Resistance targets foreign workers

Fresh attacks against foreigners linked to the occupying powers in Iraq have claimed the lives of a Colombian civilian contractor and two South Koreans.

US soldiers load the bodies of the dead Japanese diplomats
US soldiers load the bodies of the dead Japanese diplomats

The South Koreans were killed on Sunday near ousted Iraqi President Saddam Hussein’s hometown of Tikrit in a shooting incident, said Seoul’s foreign ministry. Two other South Koreans were also wounded in the incident.

South Korean officials said the four victims of the attack were employees of Omu Electronics in Seoul’s Guro Industrial Complex and had travelled to Iraq on November 22.

Acting ambassador to Iraq Son Se-ju said the victims were working on an electric cable project near Tikrit.

They were staying at a hotel in Baghdad and were probably on their way to Tikrit, Son added.

A US military spokesman confirmed three people had been killed in an attack on a convoy near Tikrit but he refused to say whether they included the Koreans. He appeared to be talking about the same incident.

There are about 30 South Korean civilians including diplomats in Iraq in addition to 464 South Korean troops working as medics and engineers, the foreign ministry said.

The latter have been based in Nasiriya, 375km southeast of Baghdad, since May without incident.

South Korean President Roh Moo-hyun has committed his country to send more troops to Iraq but has yet to make the politically sensitive decision whether to include combat forces in the expected 3000-strong contingent.

Contractors killed

A Colombian civilian contractor was also killed and two colleagues wounded on Saturday in an ambush near Balad, north of Baghdad, US military officials announced on Sunday.

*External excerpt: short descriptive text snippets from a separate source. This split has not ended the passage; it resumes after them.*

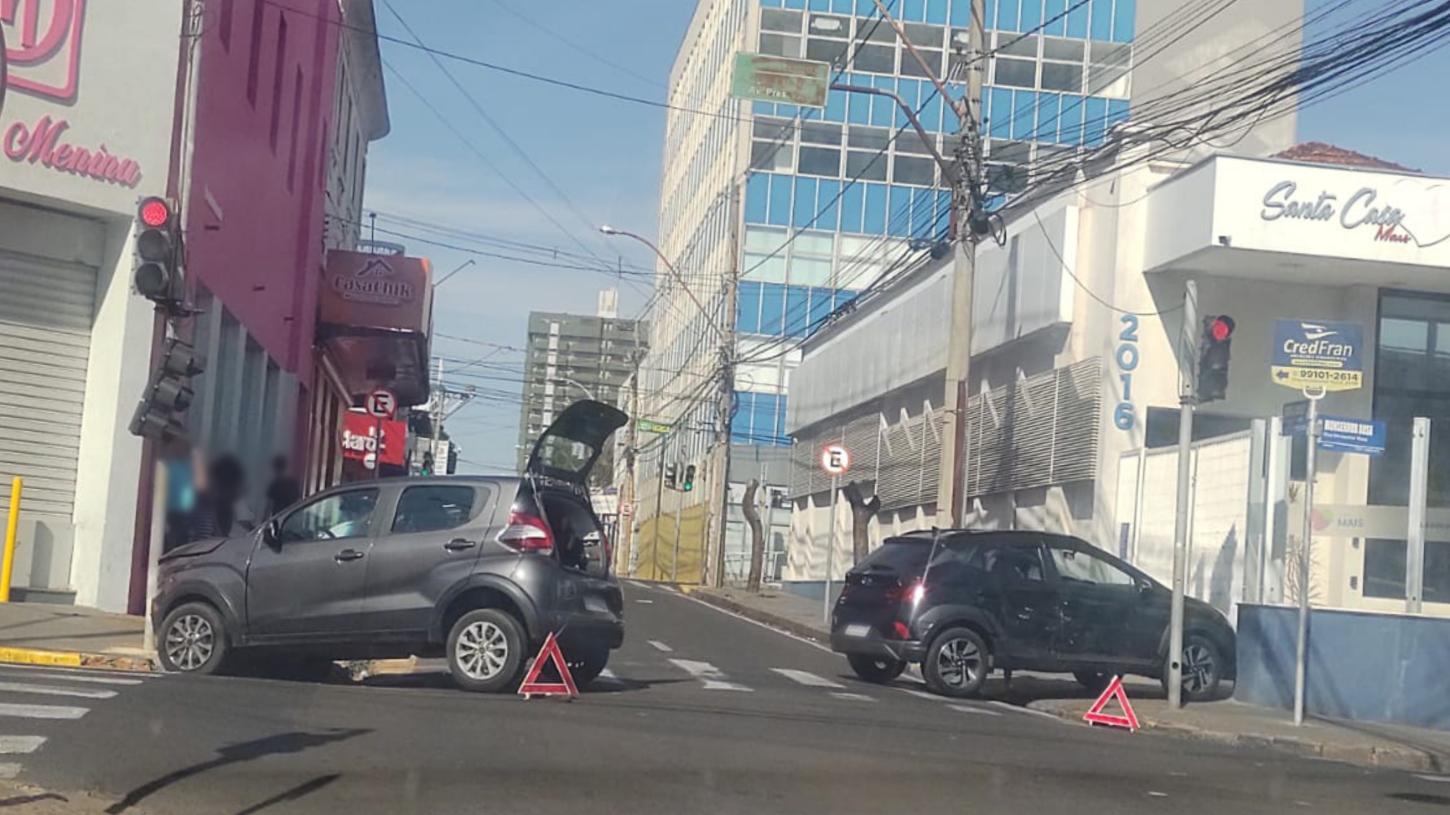Colisão entre veículos deixa duas pessoas feridas no Centro de Franca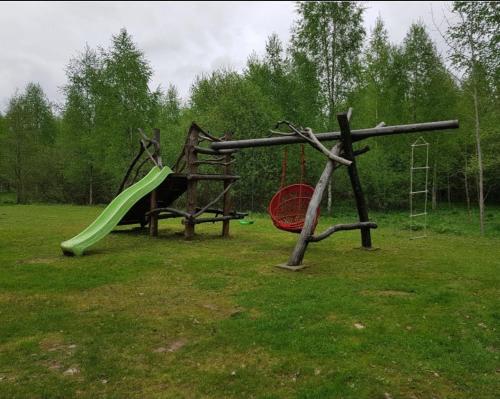 Väike-Puusmetsa puhkemaja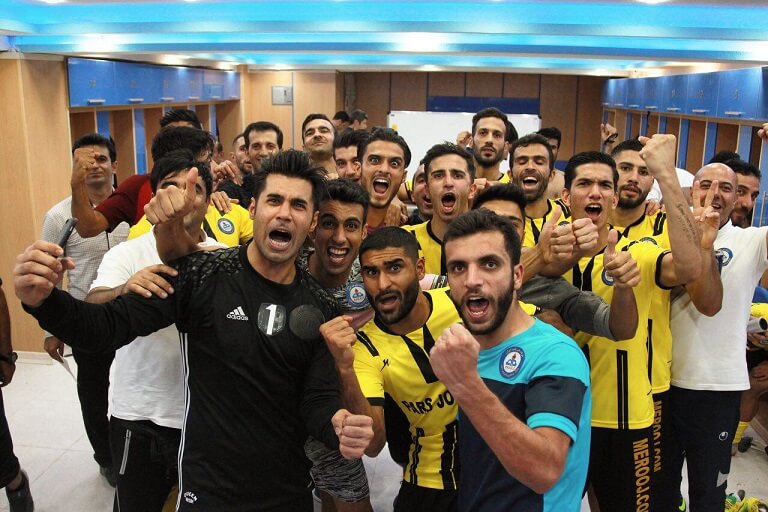 عکس های تشویق ایسلندی هواداران تیم پارس جنوبی,تصاویر بازیکنان تیم پارس جنوبی,عکس های بازیکنان تیم پارس جنوبی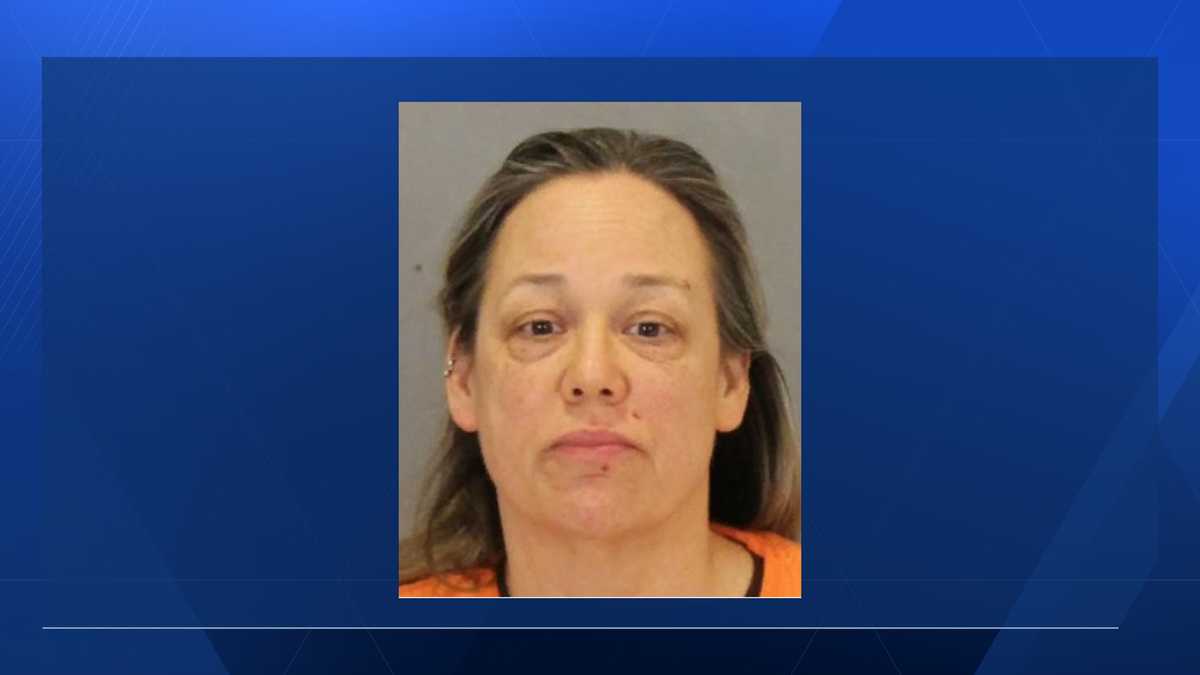 Omaha woman accused in fatal stabbing: Jury trial set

Spanish PM Jose Maria Aznar vowed his troops would stay in Iraq

Spanish PM Jose Maria Aznar vowed
 his troops would stay in Iraq

The deaths come a day after two separate incidents in the country in which seven Spanish intelligence officers and two Japanese diplomats were killed.

Despite pressure from political rivals and an equally hostile public, Spanish Prime Minister Jose Maria Aznar insisted on Sunday that Madrid would not be deterred from its role in Iraq despite the killing of seven Spanish intelligence agents there.
Aznar said Spain’s presence in Iraq “makes sense”.  Spain has some 1300 troops in south-central Iraq in a zone under Polish command.

Occupation officials also revealed Sunday that two US soldiers were killed near the Syrian border on Saturday.

Iraqi toll

Casualties among Iraqis also continue to rise. Three Iraqis were killed on Sunday, apparently after a roadside bomb they were planting exploded prematurely near the northern city of Kirkuk, according to police.

The men were from the area, said police. One had been a member of Hussein’s ousted Baath party, they added.

The US army also handed over seven unidentified bodies to police in the northern town of Falluja, said an Iraqi police officer.

The bodies, in black plastic sacks, were transferred on Saturday to a Falluja hospital where Dr Ali Khamis Sarhan said several local people with missing relatives tried but failed to identify the men.
The corpses were then passed on to a hospital in Ramadi, 50km further west, to try to determine the causes of their deaths.